YOUR ASSIGNMENT
Could you print the stretch of lines below from the one with "握りやすい位置のシフトレバー。" through the one with "スタッキングチェア｜スチール・ブナ材・1960年代 積み重ねられる合板椅子", exactly as they stand and without any pictures?

DATASET RECORDS
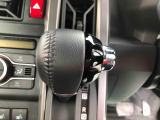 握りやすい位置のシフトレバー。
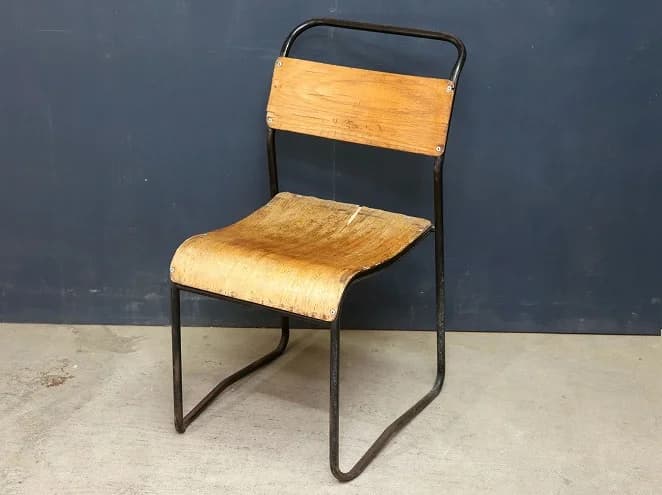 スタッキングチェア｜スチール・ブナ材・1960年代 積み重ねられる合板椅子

==

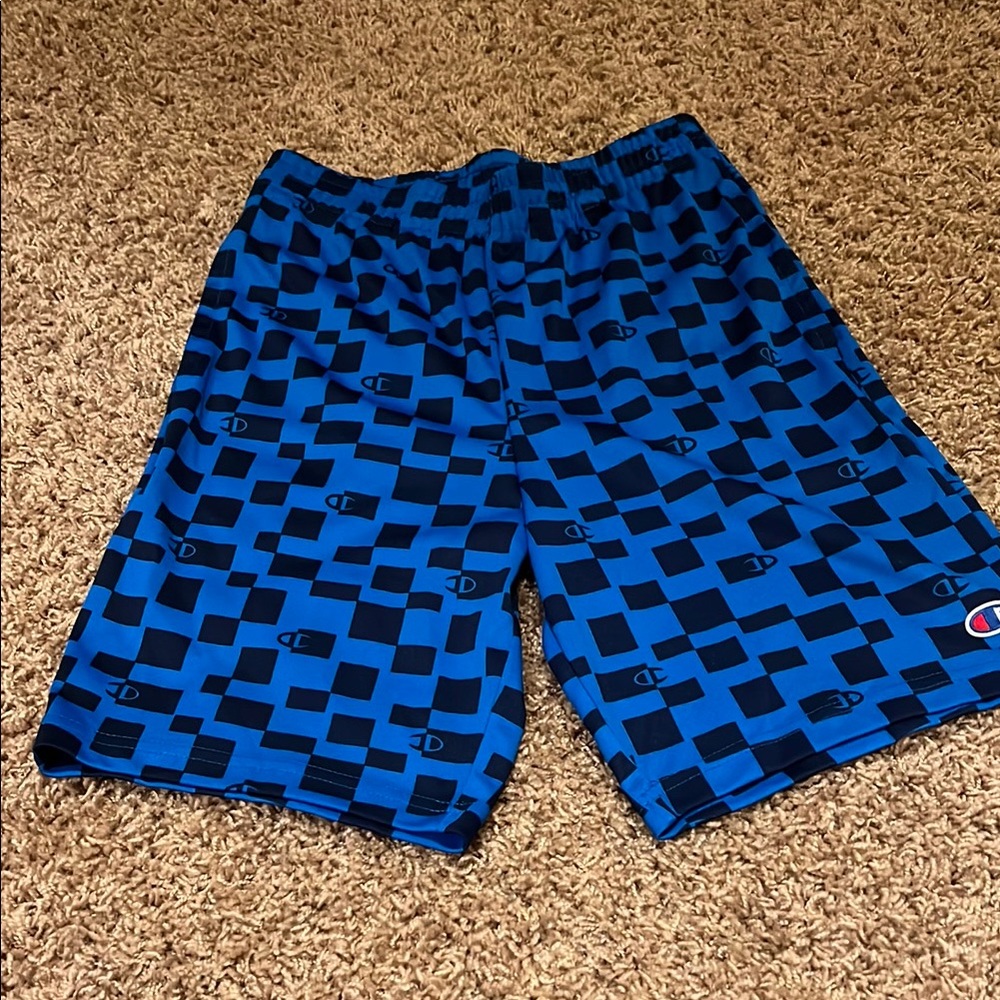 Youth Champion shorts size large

THE ANSWER
 握りやすい位置のシフトレバー。
 スタッキングチェア｜スチール・ブナ材・1960年代 積み重ねられる合板椅子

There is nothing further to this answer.